25 Executions of People Who Were Later Exonerated

25 Executions of People Who Were Later Exonerated

Larry Holzwarth - September 3, 2019

25 Executions of People Who Were Later Exonerated
Colonial Rhode Island once executed a man based in part on evidence which appeared in a dream. Wikimedia

4. Thomas Cornell Jr. was executed based on spectral evidence

In 1673 Thomas Cornell Jr. was accused of murdering his mother in Portsmouth, Rhode Island. Cornell was the son of Thomas Cornell, the patriarch of a family whose descendants include Ezra Cornell, founder of Cornell University, Amelia Earhart, Richard Nixon, and strangely enough, Lizzie Borden, as well as several other notable American and Canadian politicians. Rebecca Briggs Cornell, Thomas Jr’s widowed mother who held her late husband’s fortune and property, was found dead on February 8, 1673, burnt to a cinder. The body lay before a fireplace. Speculation was that an ember caught her dress afire, either before or after death, and the event was called an “unhappie accident”.

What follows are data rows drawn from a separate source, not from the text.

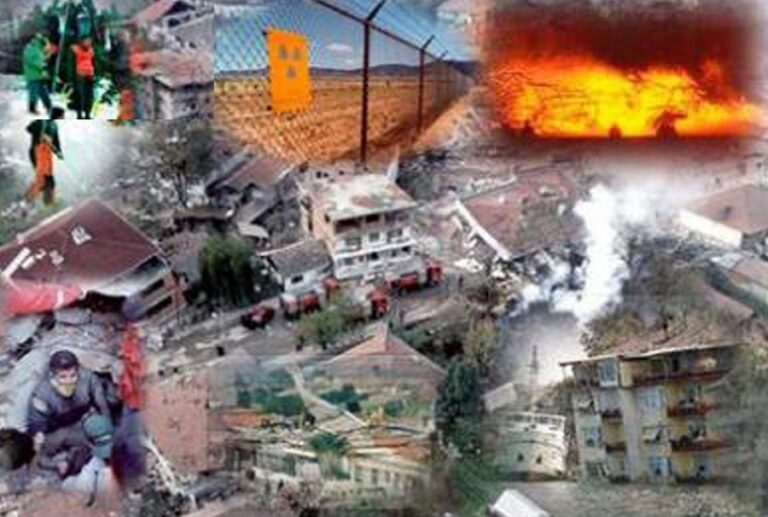 Yılın ilk üç çeyreğinde doğal afetlerden kaynaklanan kayıplar 258 milyar doları aştı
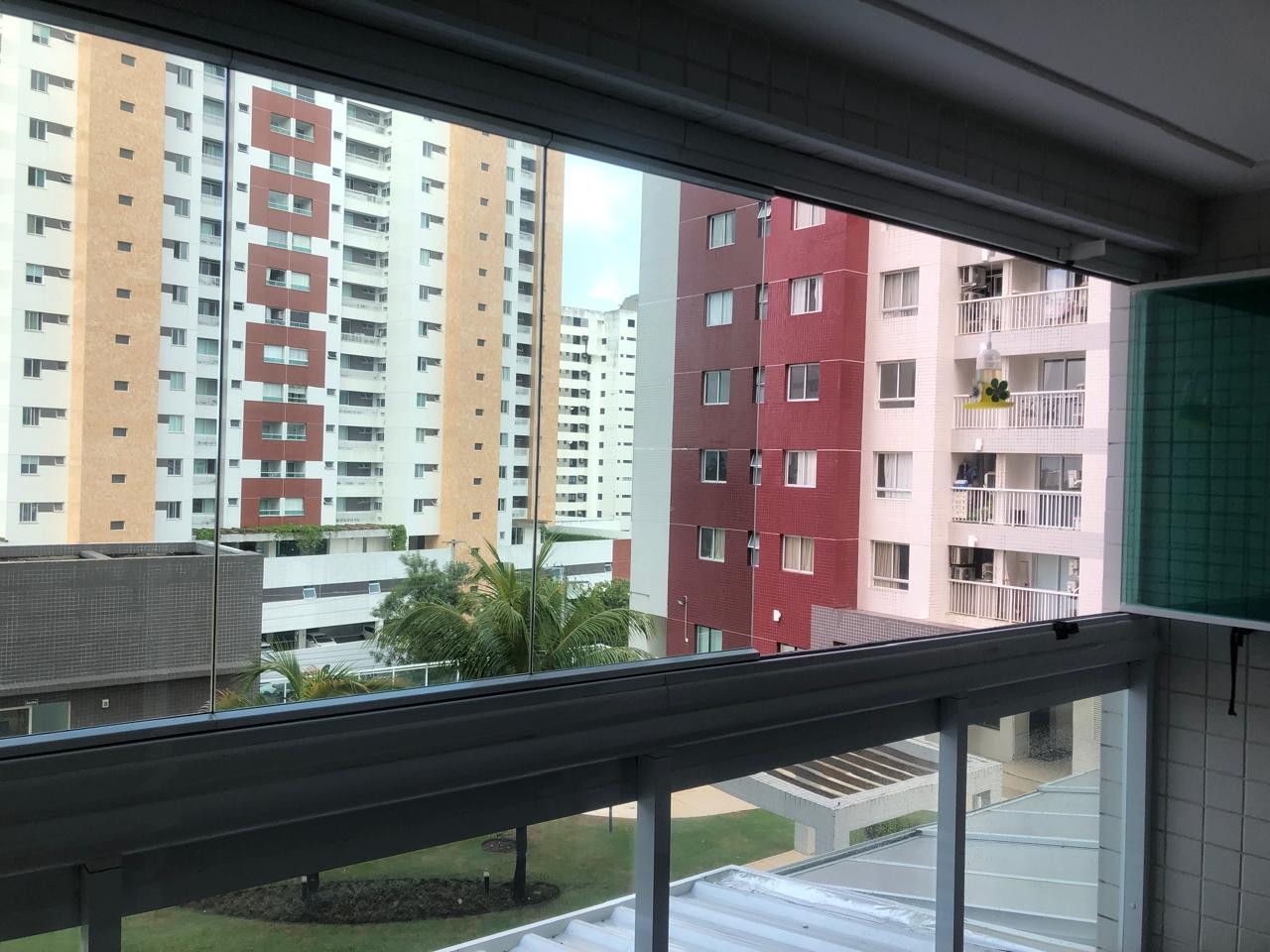 Excelente Apartamento no Condomínio Residencial Club do Parque
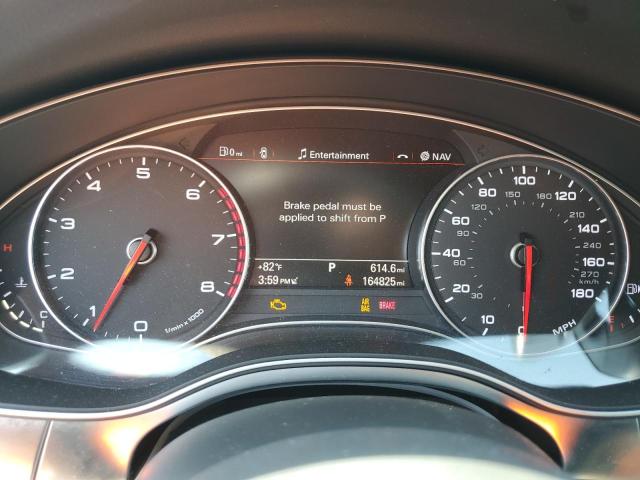 2015 AUDI A6 PREMIUM WAUGFAFC3FN026198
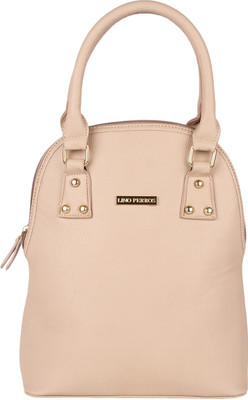 

Lino Perros Hand-held Bag(Pink)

When the late woman’s brother began to experience dreams in which his sister appeared, complaining of her being burned to death, he reported them to the authorities. The body was exhumed, and a wound was discovered which had been earlier missed. Thomas was accused of murder (the estate was used as the motive) and the spectral evidence of the late woman’s brother’s dream was introduced at trial, helping to convict him. Thomas was convicted and hanged for murdering his mother. Among the witnesses at his execution was his pregnant wife Sarah, who named their child Innocent when she was born, in honor of its father.